Joy and Sadness – Spinoza Lecture 2

October 13, 2013

When we come to Spinoza’s analysis of affects the fundamental distinction is between active and passive ones. This is because the essence of singular things is to be understood in terms of power. Since only existence is what distinguishes one thing from the other, each thing seeks to preserve its own existence (‘Each thing, as far as it can by its own power, strives to preserve in its being’ IIIP6), otherwise it would cease to be what it is. Any singular thing, however, is also linked to an exterior environment, and the more complex it is, the more complex these relations will be. What defines the nature of human beings, is not some ‘natural perfection’, or that they are created in the image of God, (all ideas guilty of the worse kind of anthropomorphism for Spinoza), but the complexity of their bodies and therefore the complexity their relations to other external bodies. These relations can have two basic forms either active or passive: either I determine myself in relation to these external bodies, or they determine me, and the more that I determine myself the more my power increases, and less I determine myself, or the more that I am determined by external causes, the more my power decreases.[1]

The distinction between passive and active affects is understood by Spinoza through two fundamental affects: joy and sadness. We might say that for Spinoza human affective life is made up of three basic affects: desire (conatus – the striving for self-preservation that all singular things have), and then joy and sadness. All the other emotions that Spinoza describes in the Ethics are merely variations of these three basic affects but the most fundamental are joy and sadness.[2] How can we understand this difference between joy and sadness? Spinoza explains it in proposition 11 of Part 3:

The idea of any thing that increases or diminishes, aids or restrains, our body’s power of acting, increases or diminishes, aids or restrains, our mind’s power of thinking.

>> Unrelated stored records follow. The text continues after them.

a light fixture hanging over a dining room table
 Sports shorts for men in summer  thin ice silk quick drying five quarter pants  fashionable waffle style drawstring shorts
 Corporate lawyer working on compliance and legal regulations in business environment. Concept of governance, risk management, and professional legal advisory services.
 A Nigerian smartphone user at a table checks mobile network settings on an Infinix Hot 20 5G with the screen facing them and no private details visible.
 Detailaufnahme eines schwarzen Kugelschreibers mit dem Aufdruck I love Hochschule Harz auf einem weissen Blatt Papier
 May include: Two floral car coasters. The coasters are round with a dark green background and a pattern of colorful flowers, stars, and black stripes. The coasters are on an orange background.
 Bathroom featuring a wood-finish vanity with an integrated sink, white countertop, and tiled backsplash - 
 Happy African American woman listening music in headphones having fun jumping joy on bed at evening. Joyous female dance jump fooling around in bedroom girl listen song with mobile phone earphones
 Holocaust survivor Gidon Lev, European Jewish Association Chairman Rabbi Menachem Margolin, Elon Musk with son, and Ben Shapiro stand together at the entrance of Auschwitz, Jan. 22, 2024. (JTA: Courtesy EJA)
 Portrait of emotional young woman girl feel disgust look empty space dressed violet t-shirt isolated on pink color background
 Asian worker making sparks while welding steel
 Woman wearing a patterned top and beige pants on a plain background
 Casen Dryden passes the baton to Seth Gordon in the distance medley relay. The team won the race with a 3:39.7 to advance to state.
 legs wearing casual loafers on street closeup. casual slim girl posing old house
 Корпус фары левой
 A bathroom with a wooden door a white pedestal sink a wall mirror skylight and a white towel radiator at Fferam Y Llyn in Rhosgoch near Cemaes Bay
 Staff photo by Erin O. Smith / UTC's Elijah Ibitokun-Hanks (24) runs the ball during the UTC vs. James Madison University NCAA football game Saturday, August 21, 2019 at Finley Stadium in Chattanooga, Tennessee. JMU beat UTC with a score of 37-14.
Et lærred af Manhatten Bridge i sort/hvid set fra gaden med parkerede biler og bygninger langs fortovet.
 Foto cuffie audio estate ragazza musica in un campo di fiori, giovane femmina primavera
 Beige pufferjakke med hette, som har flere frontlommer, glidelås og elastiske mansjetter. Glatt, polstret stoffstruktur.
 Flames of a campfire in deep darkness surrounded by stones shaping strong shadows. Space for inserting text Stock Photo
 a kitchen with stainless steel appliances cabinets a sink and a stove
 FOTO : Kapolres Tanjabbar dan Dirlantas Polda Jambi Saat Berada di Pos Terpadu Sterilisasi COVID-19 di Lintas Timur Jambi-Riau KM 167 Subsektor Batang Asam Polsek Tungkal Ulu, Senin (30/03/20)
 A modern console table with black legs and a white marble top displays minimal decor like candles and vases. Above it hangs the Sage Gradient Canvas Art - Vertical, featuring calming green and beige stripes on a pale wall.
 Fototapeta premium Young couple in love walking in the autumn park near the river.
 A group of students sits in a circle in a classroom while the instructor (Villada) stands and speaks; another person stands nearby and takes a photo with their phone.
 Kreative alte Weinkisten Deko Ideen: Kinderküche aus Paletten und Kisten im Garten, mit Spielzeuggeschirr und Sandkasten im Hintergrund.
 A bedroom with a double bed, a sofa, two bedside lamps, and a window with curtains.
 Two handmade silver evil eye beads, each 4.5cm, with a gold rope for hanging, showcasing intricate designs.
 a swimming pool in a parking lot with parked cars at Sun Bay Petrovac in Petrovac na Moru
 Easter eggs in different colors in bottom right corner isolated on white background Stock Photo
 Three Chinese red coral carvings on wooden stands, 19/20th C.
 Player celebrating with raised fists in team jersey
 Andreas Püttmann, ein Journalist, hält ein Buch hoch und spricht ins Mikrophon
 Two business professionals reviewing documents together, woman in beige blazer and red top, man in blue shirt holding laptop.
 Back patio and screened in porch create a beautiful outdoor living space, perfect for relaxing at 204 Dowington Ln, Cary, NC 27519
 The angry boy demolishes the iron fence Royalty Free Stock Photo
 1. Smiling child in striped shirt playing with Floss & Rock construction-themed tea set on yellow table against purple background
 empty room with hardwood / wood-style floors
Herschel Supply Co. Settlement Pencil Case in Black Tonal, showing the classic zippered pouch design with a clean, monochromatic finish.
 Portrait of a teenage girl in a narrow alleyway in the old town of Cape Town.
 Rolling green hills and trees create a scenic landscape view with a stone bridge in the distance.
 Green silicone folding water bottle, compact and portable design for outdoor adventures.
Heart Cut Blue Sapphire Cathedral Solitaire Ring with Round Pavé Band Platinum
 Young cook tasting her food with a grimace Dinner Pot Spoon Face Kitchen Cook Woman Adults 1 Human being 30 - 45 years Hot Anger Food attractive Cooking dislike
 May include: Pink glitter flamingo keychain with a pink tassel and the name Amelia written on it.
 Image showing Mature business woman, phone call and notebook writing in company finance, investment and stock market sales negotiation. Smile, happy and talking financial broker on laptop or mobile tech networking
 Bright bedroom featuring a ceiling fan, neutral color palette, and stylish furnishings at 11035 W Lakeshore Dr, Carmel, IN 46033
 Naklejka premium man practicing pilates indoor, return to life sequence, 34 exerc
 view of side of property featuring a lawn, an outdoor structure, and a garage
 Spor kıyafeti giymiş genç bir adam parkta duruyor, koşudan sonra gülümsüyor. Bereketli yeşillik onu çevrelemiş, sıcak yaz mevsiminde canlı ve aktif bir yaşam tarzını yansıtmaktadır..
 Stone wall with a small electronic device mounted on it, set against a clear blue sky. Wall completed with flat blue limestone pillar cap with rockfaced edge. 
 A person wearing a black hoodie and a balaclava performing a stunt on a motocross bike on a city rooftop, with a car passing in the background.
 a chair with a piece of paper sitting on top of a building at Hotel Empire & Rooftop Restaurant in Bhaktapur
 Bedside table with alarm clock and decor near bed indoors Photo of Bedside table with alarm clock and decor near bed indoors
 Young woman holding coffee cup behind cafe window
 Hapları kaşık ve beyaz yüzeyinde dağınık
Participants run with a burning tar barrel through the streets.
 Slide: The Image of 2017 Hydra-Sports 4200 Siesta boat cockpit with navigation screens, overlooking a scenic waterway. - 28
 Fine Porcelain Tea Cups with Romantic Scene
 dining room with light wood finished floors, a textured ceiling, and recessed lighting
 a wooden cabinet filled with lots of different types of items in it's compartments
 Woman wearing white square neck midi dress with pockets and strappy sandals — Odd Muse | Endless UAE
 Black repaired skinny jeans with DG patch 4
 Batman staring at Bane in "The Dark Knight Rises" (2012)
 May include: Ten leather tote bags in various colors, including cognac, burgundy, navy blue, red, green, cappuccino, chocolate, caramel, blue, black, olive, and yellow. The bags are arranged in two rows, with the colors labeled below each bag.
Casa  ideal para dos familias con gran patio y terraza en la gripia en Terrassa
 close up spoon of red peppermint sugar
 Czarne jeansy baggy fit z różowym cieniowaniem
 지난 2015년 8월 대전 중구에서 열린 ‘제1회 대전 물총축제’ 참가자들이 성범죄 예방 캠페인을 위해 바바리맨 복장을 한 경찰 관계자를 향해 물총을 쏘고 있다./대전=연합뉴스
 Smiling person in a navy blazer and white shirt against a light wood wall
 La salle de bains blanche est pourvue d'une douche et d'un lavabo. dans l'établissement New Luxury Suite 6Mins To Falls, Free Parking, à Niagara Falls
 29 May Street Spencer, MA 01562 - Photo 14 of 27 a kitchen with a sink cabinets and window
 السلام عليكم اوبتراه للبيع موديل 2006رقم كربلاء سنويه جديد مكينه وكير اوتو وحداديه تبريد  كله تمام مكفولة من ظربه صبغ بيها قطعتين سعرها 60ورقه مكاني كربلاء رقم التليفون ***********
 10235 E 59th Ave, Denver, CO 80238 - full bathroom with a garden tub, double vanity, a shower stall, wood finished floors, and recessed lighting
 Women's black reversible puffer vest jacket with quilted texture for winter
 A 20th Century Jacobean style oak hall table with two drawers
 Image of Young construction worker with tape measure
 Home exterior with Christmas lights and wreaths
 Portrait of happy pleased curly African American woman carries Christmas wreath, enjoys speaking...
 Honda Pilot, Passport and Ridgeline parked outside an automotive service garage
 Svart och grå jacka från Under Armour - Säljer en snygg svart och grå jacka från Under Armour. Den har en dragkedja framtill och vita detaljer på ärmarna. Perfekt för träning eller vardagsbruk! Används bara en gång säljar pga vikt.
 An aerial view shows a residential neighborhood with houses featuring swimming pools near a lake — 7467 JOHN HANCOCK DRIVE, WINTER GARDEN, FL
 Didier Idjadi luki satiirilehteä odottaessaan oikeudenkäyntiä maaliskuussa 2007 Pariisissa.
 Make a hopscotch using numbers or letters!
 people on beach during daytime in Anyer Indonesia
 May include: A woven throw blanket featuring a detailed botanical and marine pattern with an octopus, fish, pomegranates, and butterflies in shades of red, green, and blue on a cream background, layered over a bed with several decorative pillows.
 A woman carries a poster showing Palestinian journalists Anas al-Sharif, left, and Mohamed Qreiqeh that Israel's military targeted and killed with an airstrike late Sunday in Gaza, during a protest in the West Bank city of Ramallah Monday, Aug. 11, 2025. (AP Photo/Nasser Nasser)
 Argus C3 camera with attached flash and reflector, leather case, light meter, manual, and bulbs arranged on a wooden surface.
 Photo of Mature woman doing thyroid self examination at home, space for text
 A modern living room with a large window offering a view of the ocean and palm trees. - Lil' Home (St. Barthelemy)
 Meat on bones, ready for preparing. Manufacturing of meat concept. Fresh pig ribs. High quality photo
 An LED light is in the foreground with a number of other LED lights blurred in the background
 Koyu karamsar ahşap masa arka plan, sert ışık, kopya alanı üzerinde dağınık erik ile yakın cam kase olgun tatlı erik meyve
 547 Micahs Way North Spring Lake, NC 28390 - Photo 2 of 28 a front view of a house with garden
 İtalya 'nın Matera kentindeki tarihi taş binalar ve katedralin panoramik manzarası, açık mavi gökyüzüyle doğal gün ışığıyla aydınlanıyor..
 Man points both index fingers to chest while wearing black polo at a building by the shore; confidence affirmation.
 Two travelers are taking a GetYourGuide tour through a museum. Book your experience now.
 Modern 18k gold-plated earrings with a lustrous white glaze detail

Whatever increases or diminishes the power of the body to act also increases or diminishes the power of the mind to think. This follows, Spinoza writes in the demonstration, from 11P7 and IIP14. The first is the statement of parallelism – the order and connection of things is identical to the order and connection of ideas – and the second is that the mind contains what the body experiences, and the more complex a body is the more sophisticated these experiences are. In the scholium, Spinoza explains that our minds, because of the complexity of our bodies can go through many changes. These changes, to use Bennett’s expression, are to be thought in terms of ‘up and a down’, as the passage from a great or lesser perfection (Bennett 1984, p.257). What does Spinoza mean by ‘perfection’ in this context? Again we have to remind ourselves that for Spinoza human beings are not a ‘dominion within a dominion’. We are part of the universe of infinite series of causes and effects, about which we cannot have absolute knowledge. The human body is essentially vulnerable to external bodies, because it has so many complex and involved relations to them. To increase my power to act is to increase my power to determine myself and act against these external bodies through the desire of self-preservation, and my power to act is decreased when these external bodies threaten by existence. I can only be destroyed, Spinoza writes, by external causes. Perfection is an affirmation of existence. The more perfect something is the more reality that thing has, and therefore the more power to act it has and thus the more power to think.

It is with respect to this increase and decrease of the power to act that we can understand the two fundamental affects joy and sadness. Joy is the affect by which the mind passes to a greater perfection, and sadness to a lesser one. There are things in the world that make us joyful and there are things in the world that make us sad. This is all that we need to understand passive affects. First of all these affects have to do with the body, but we know from part 2 that the mind is the idea of the body and that the power of the mind to imagine things depends on the existence and relation of the body. Thus joy and sadness, at least for human beings, does not just involves direct relations with our bodies, but also with our imagination, the idea of the bodies we have, and the ideas of how they are changed or modified by external bodies (whether persons or objects). For the most part, because of the very way we do have ideas of our body, these ideas are inadequate (because we do not have an adequate understanding of the relation our body to the other bodies).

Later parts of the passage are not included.